New Benchmark Dataset and Fine-Grained Cross-Modal Fusion Framework for Vietnamese Multimodal Aspect-Category Sentiment Analysis
This work addresses the problem of underutilizing image information in multimodal sentiment analysis for Vietnamese social media data, though it is incremental as it builds on existing multimodal methods with a new dataset and framework.
The authors tackled the lack of fine-grained multimodal datasets for Aspect-Category Sentiment Analysis by introducing ViMACSA, a Vietnamese dataset with 4,876 text-image pairs and 14,618 annotations, and proposed a Fine-Grained Cross-Modal Fusion Framework that achieved a state-of-the-art F1 score of 79.73% on this dataset.

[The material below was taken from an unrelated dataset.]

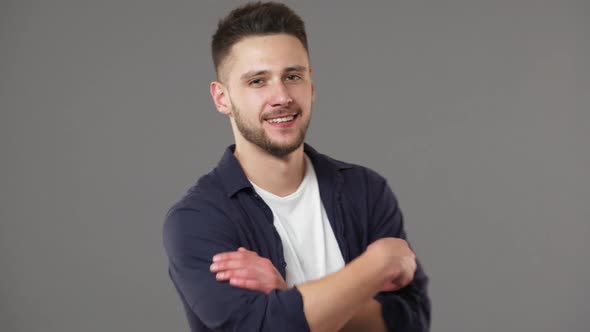 Portrait of Masculine Handsome Man Appearing at Camera and Standing with Arms Folded Isolated Over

The emergence of multimodal data on social media platforms presents new opportunities to better understand user sentiments toward a given aspect. However, existing multimodal datasets for Aspect-Category Sentiment Analysis (ACSA) often focus on textual annotations, neglecting fine-grained information in images. Consequently, these datasets fail to fully exploit the richness inherent in multimodal. To address this, we introduce a new Vietnamese multimodal dataset, named ViMACSA, which consists of 4,876 text-image pairs with 14,618 fine-grained annotations for both text and image in the hotel domain. Additionally, we propose a Fine-Grained Cross-Modal Fusion Framework (FCMF) that effectively learns both intra- and inter-modality interactions and then fuses these information to produce a unified multimodal representation. Experimental results show that our framework outperforms SOTA models on the ViMACSA dataset, achieving the highest F1 score of 79.73%. We also explore characteristics and challenges in Vietnamese multimodal sentiment analysis, including misspellings, abbreviations, and the complexities of the Vietnamese language. This work contributes both a benchmark dataset and a new framework that leverages fine-grained multimodal information to improve multimodal aspect-category sentiment analysis. Our dataset is available for research purposes: https://github.com/hoangquy18/Multimodal-Aspect-Category-Sentiment-Analysis.